Thanks. Good afternoon, guys. Just a couple of questions. I guess one, you know Paul as you talked about the challenging advertising market out there, how did you adapt your advertising and your customer acquisition efforts around those higher costs a quarter? Were you able to spend everything you want to spend in the quarter or did you hold back somewhat into this year?
That's the timing of the spend, particularly with kind of the end of November into early December. We backed off of our spend and then redeployed it once the shipping deadline, which we've historically seen as the trigger for dissipation and the demand for paid media. The result of that though is that we incurred the expenses during the December month, but because of the seven-day free trial, not all of the members had the opportunity to convert. So a little bit of that spending was pushed into member conversions that happened in January. Normally, that wouldn't be that big of an issue from a timing perspective, but the way that we effectively held back in the first two weeks of December and then redeployed it in the last ten days, kind of messed with the timing a little bit from that customer ads compared to the spend. But it allowed us to get opportunistic in terms of how we deploy the capital for marketing.

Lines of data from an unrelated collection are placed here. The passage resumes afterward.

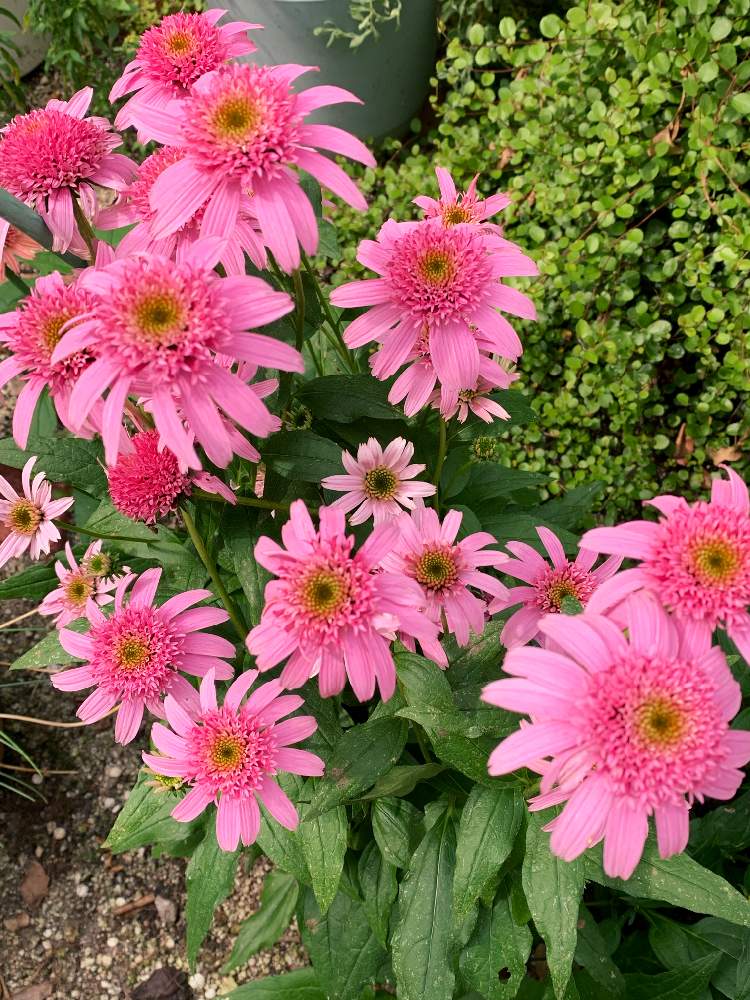 エキナセア ピンクダブルデライトの投稿画像 By ちゃんり さん エキナセアと毎年楽しむと植えっぱなしとお花に癒されて と花のある暮らしとどんどんふえちゃってます 19月6月26日 Greensnap グリーンスナップ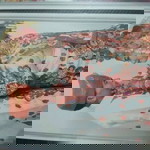 Eva Vana profile icon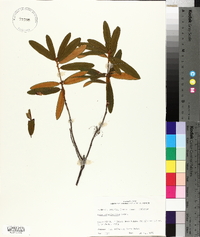 Rhododendron groenlandicum image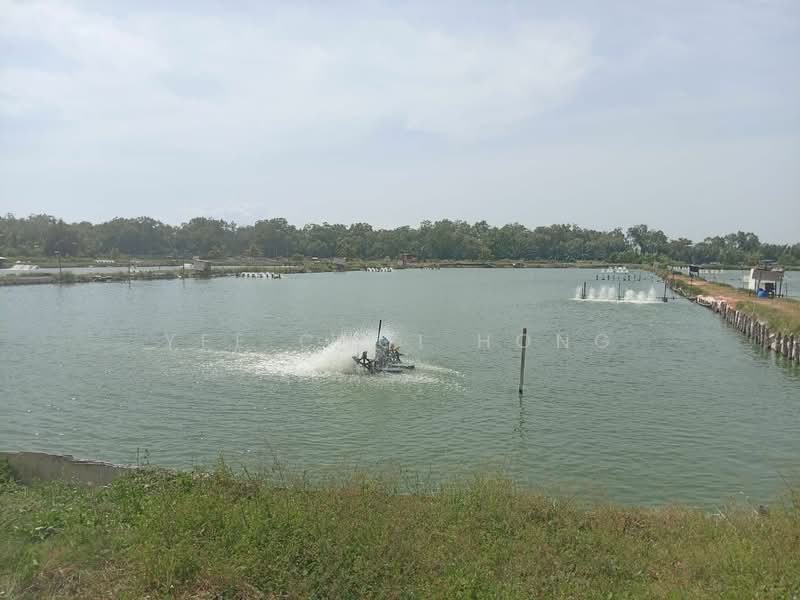 Agricultural Land for Sale in Sungai Udang (Nibong Tebal) - Yee Choi Hong - PropertyGuru.com.my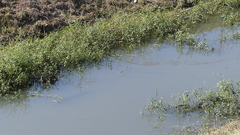 Lepisosteus oculatus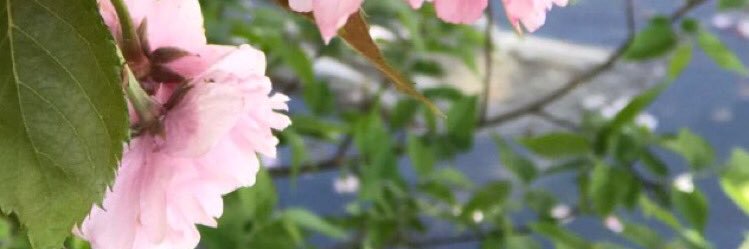 besoo0s's profile banner image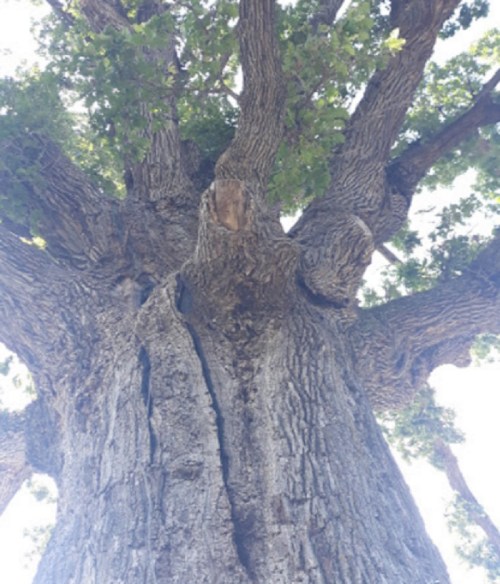 A close-up view of a large tree trunk with textured bark and sprawling branches reaching upward.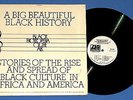 A BIG BEAUTIFUL BLACK HISTORY -SPOKEN WORD BLACK HISTORY VINYL--RARE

Any estimate of how many subscribers that could possibly relate to as you think about day 21 minus a mid-30 countries from Yoga, plus kind of what might have been delayed into January?
No, we don't have that qualified and we don't speak to that level of specifics at this level. Really the key point though is that as evidenced in the macro, external environment, everyone's been talking about the cost of media increasing and the cost of customer acquisition increasing. So I’d say Q4 was the high water mark that we've seen in the past few years and January and February have already dissipated significantly from what we saw in Q4.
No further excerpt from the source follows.